In the first decades of the XX century, Tsiolkovsky was haunted by misfortunes - the death of the sons Ignatiy and Alexander, the Oka flood, which damaged the house and destroyed the results of many of his works, arrest and investigation at the Lubyanka... But there were happy occasions. He became a member of the Socialist Academy of Social Sciences and was assigned a lifetime pension for contribution to domestic and world science.

Despite all the difficulties and poor health, Tsiolkovsky continued to work. He stated: "Life brought me a lot of sorrows, and only the joyful world of ideas helped me to endure them. <...> The main motive of my existence is to do something useful for people, not to spend my life in vain, to forward mankind by little. That is why I was interested in things that gave me neither bread nor strength. But I hope that my works - probably soon, and probably in the distant future - will give society mountains of bread and an abyss of power", - these words of the brilliant scientist are cited by the book of Yakov Perelman.

Konstantin Tsiolkovsky died on September 19, 1935, in Kaluga and was buried in the Pushkin Garden.

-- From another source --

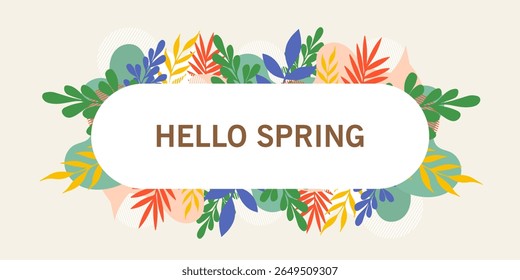 Spring and summer card templates with nature elements. Floral background with a of wild leaves flowers for mothers day, easter, birthday, card, banner, invitation, social media post, poster, design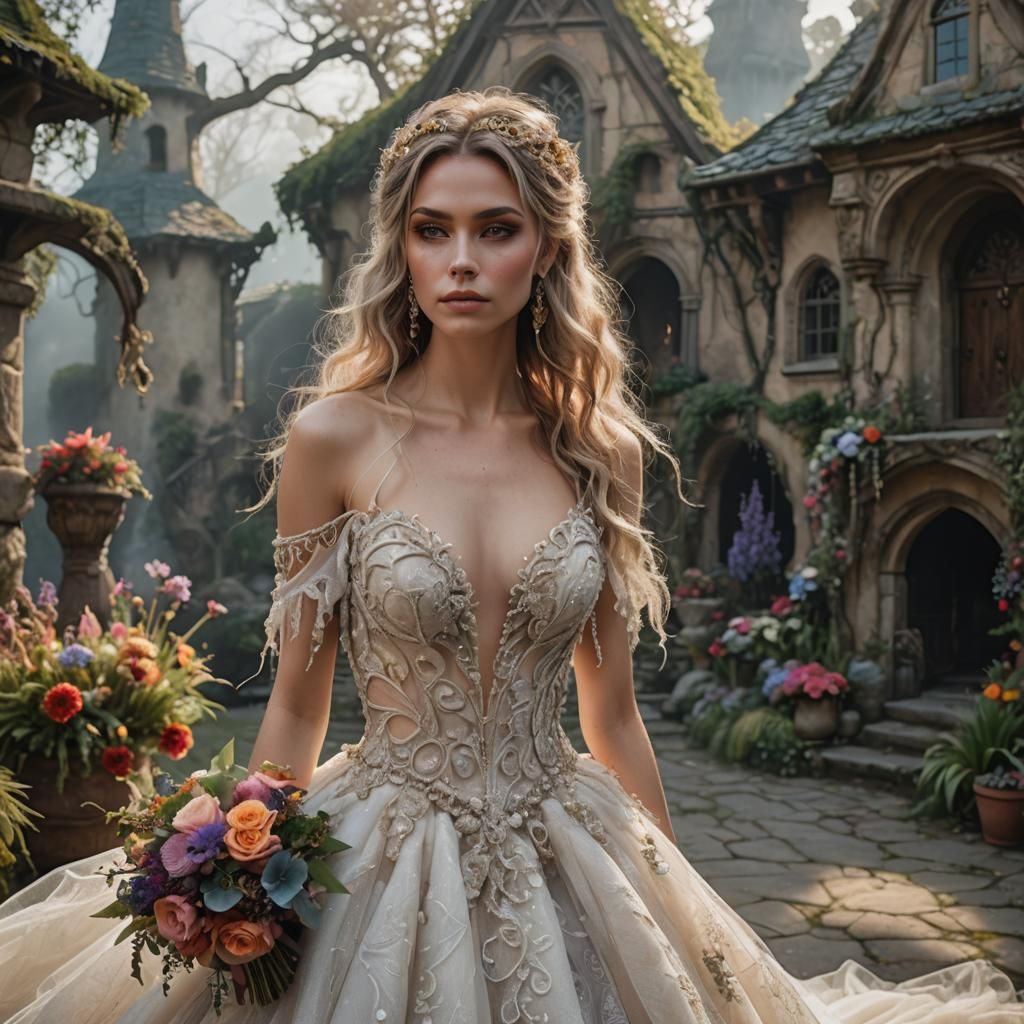 Ethereal Bride in Fantasy Village Wedding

In 1935, the park received the name of the founder of modern astronautics.

The collection of the Presidential Library, besides the already mentioned publications, features digital copies of numerous books and articles of the scientist, for example, "The Simplest Project of a Metallic Aeronaut Made of Corrugated Iron" (1914) and "Space Rocket Trains" (1929), autobiographical and documentary materials: "K. E. Tsiolkovsky. 1857–1935" (1939), "Guide to the Konstantin Tsiolkovsky House-Museum"(1965), a video of the Presidential Library "Tsiolkovsky" (2011) and much more.